#### [Task objective]
Return the material below exactly, but only from the line with "Black phone case" through the line with "vidaXL Storage Bench 116 cm Black Polyester", and without its pictures.

#### [Data for the task]

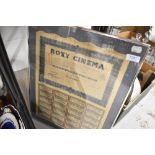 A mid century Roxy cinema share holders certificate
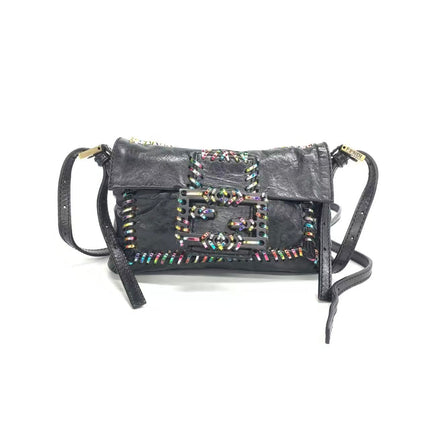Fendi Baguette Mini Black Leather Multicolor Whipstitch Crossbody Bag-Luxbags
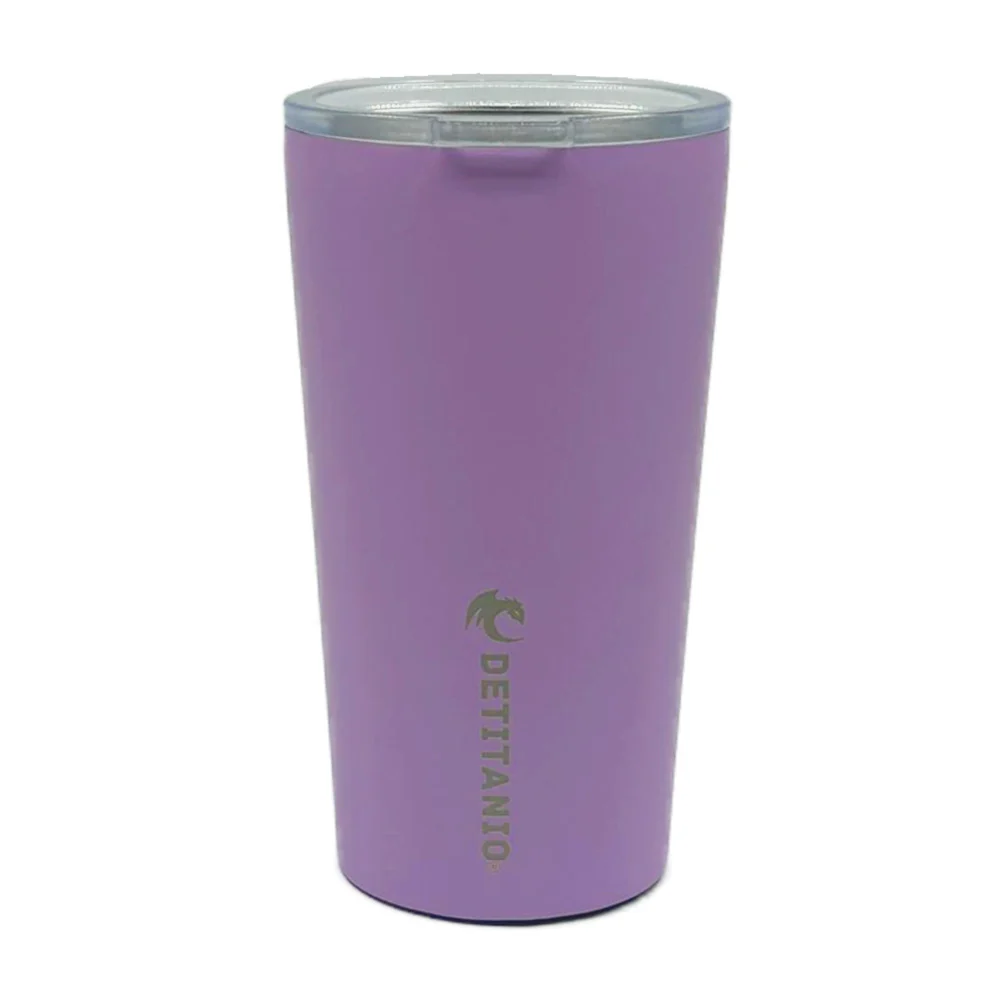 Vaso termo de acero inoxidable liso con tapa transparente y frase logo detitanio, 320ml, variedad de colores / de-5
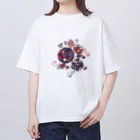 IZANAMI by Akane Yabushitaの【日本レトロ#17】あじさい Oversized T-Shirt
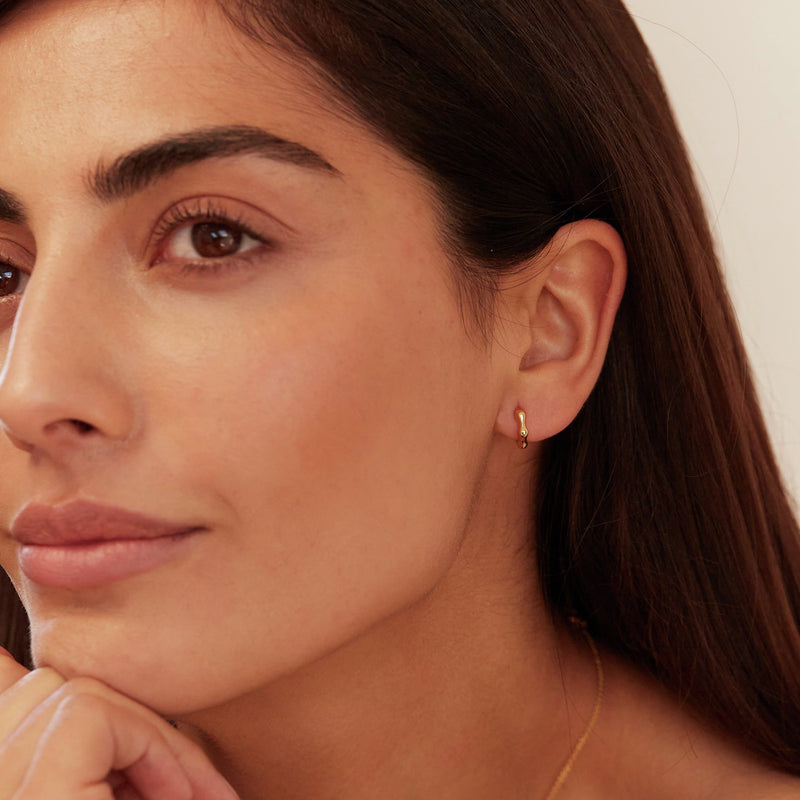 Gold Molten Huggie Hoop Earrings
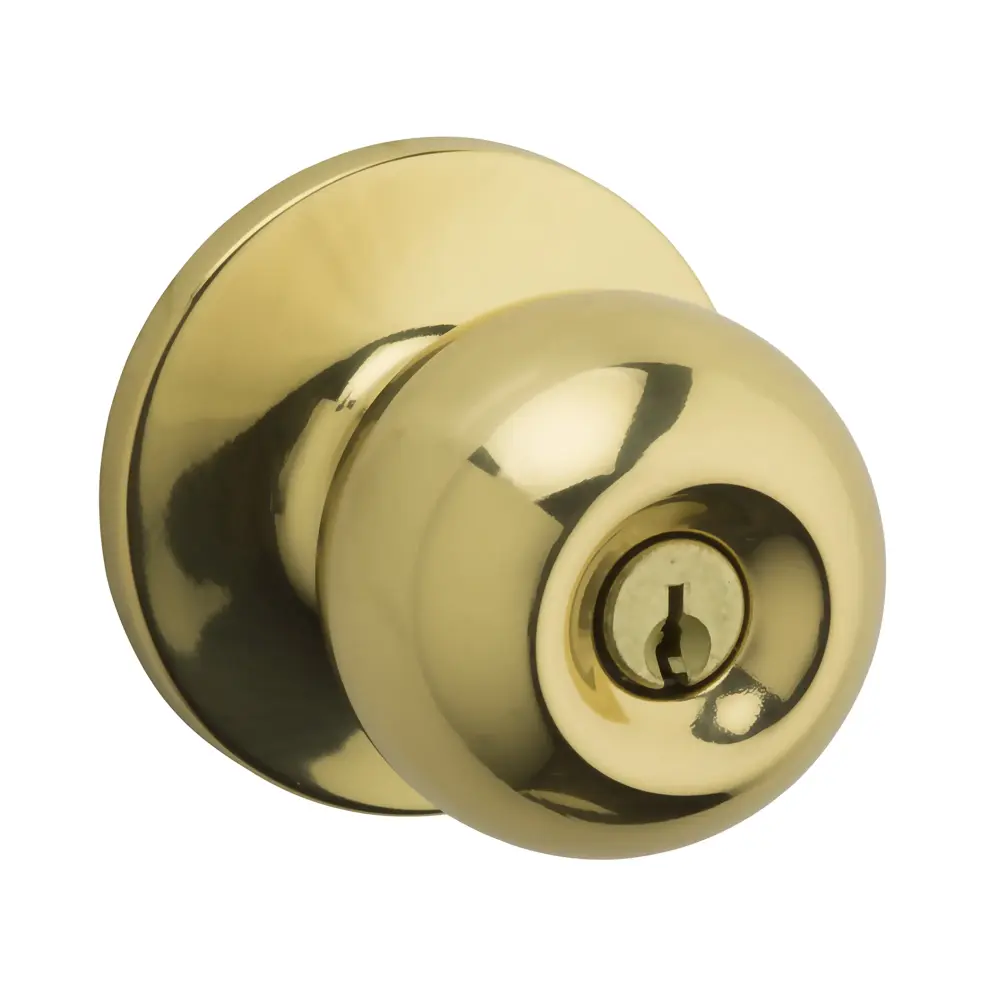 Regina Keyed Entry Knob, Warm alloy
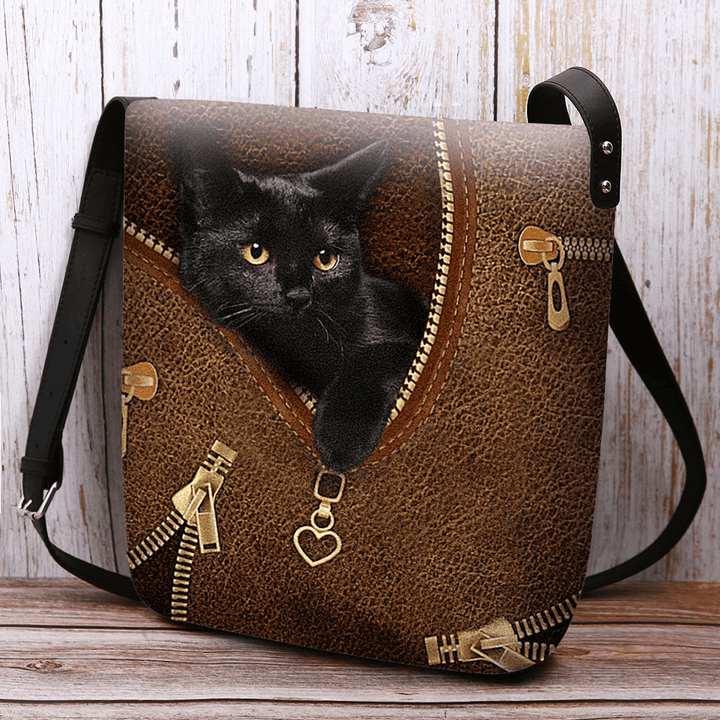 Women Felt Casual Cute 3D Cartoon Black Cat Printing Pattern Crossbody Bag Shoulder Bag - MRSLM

--

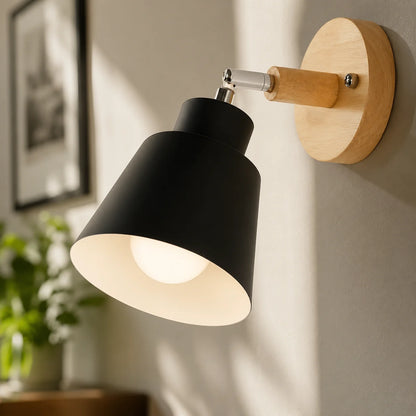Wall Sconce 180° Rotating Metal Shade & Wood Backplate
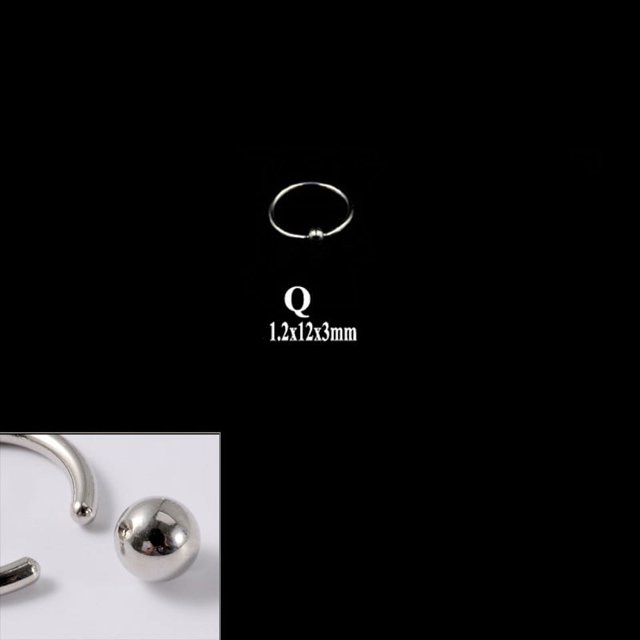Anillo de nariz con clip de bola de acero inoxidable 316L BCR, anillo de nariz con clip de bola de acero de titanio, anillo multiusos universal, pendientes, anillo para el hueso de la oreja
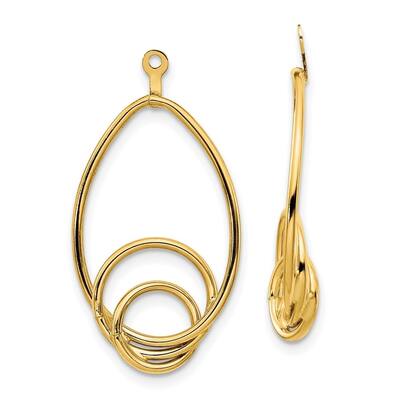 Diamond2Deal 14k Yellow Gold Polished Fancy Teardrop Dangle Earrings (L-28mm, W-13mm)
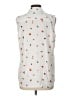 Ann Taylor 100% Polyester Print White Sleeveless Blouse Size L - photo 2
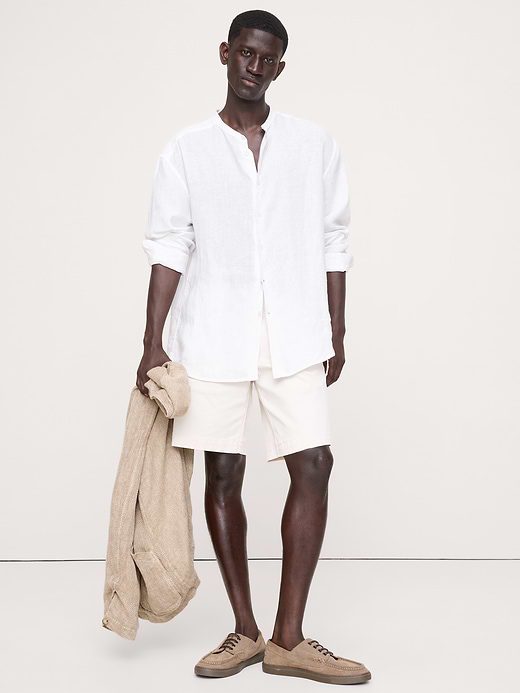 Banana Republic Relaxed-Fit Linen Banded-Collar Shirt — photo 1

* * *

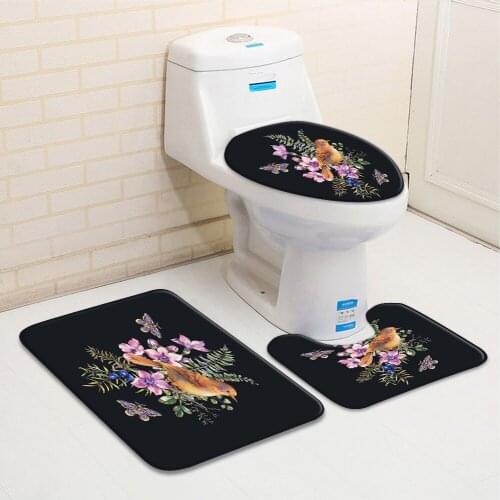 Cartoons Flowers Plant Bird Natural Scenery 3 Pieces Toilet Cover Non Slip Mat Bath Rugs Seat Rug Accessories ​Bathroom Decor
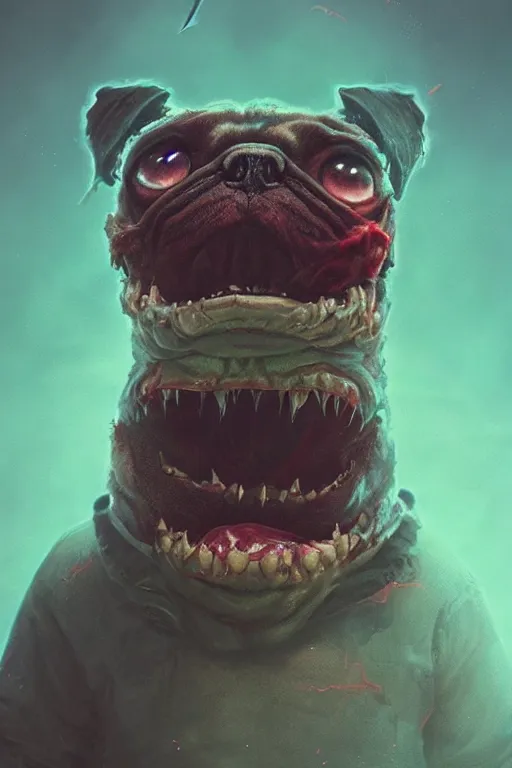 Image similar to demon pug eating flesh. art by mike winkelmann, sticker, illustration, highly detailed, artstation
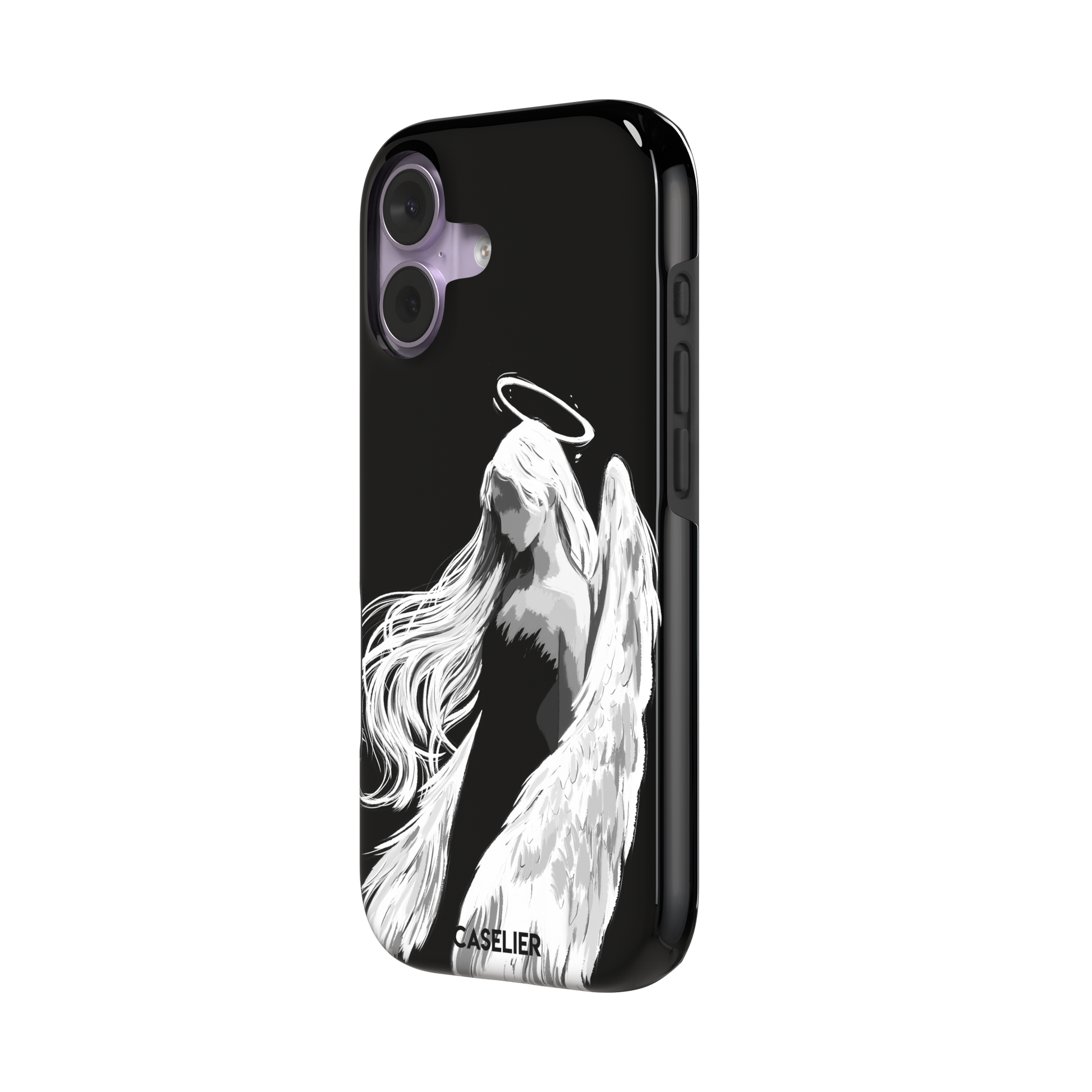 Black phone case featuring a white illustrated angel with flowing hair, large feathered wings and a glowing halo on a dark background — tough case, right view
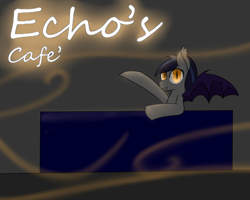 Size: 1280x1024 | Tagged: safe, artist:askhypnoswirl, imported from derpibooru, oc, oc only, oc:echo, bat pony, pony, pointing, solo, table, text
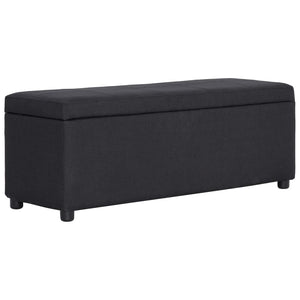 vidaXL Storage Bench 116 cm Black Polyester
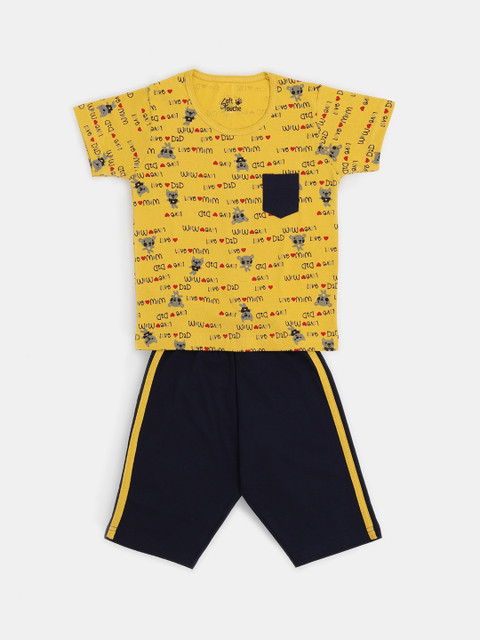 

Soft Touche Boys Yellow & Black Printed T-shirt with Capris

#### [Solution to this problem]
 Black phone case featuring a white illustrated angel with flowing hair, large feathered wings and a glowing halo on a dark background — tough case, right view
 Size: 1280x1024 | Tagged: safe, artist:askhypnoswirl, imported from derpibooru, oc, oc only, oc:echo, bat pony, pony, pointing, solo, table, text
 vidaXL Storage Bench 116 cm Black Polyester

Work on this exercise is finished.